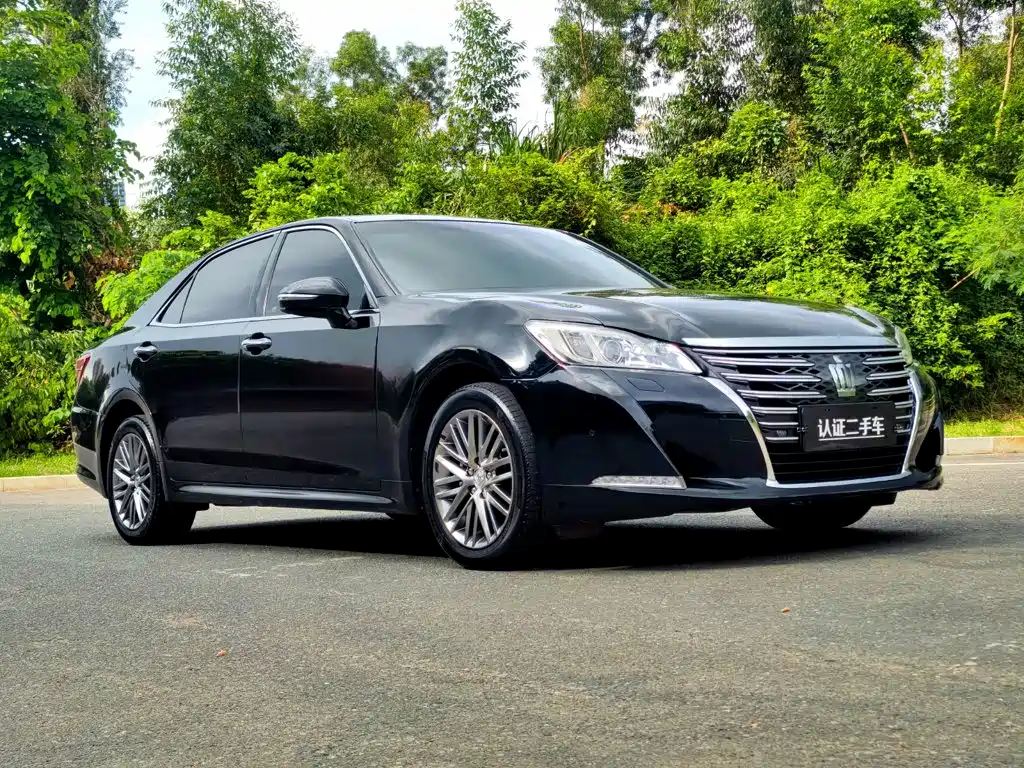 Toyota Crown — миниатюра 3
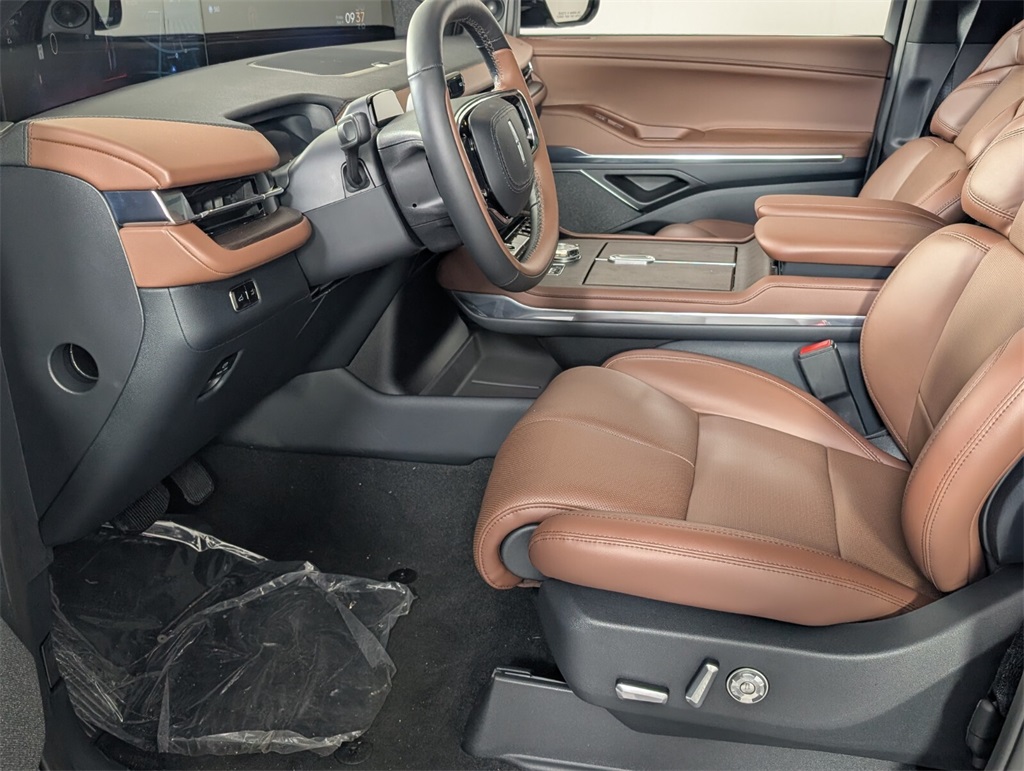 new 2025 Lincoln Navigator car, priced at $105,930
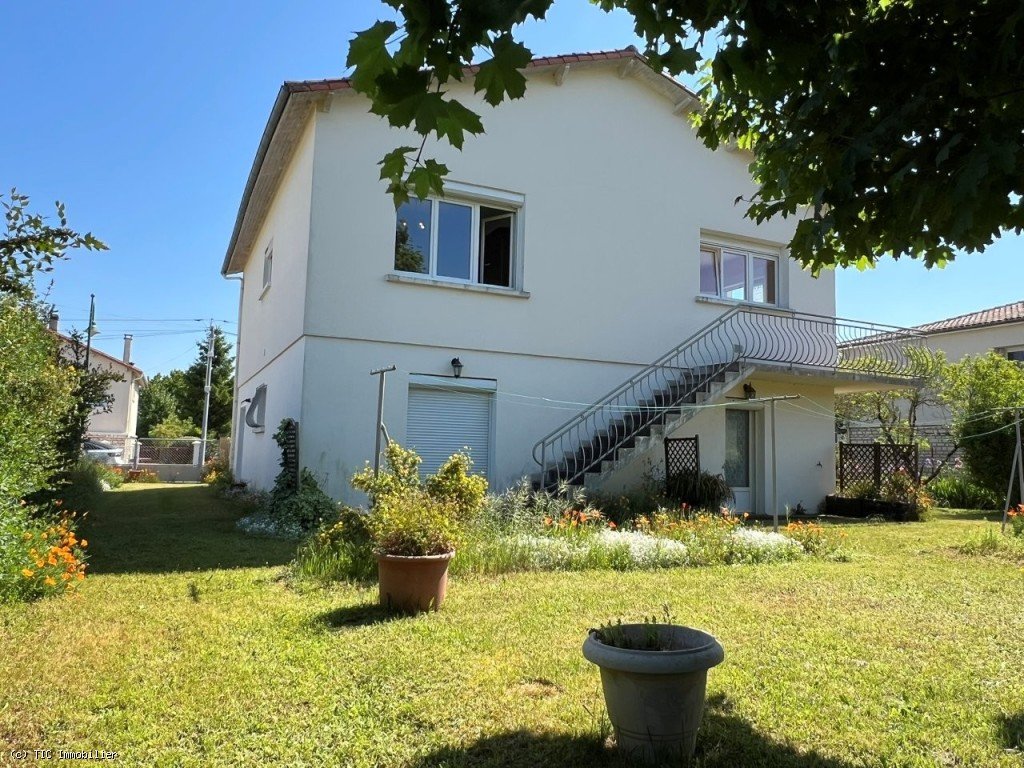 Maison à vendre, 131m², Ruffec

* Task prompt *
A verbatim copy of the data, free of pictures, is the expected answer.

* Completed task *
 Toyota Crown — миниатюра 3
 new 2025 Lincoln Navigator car, priced at $105,930
 Maison à vendre, 131m², Ruffec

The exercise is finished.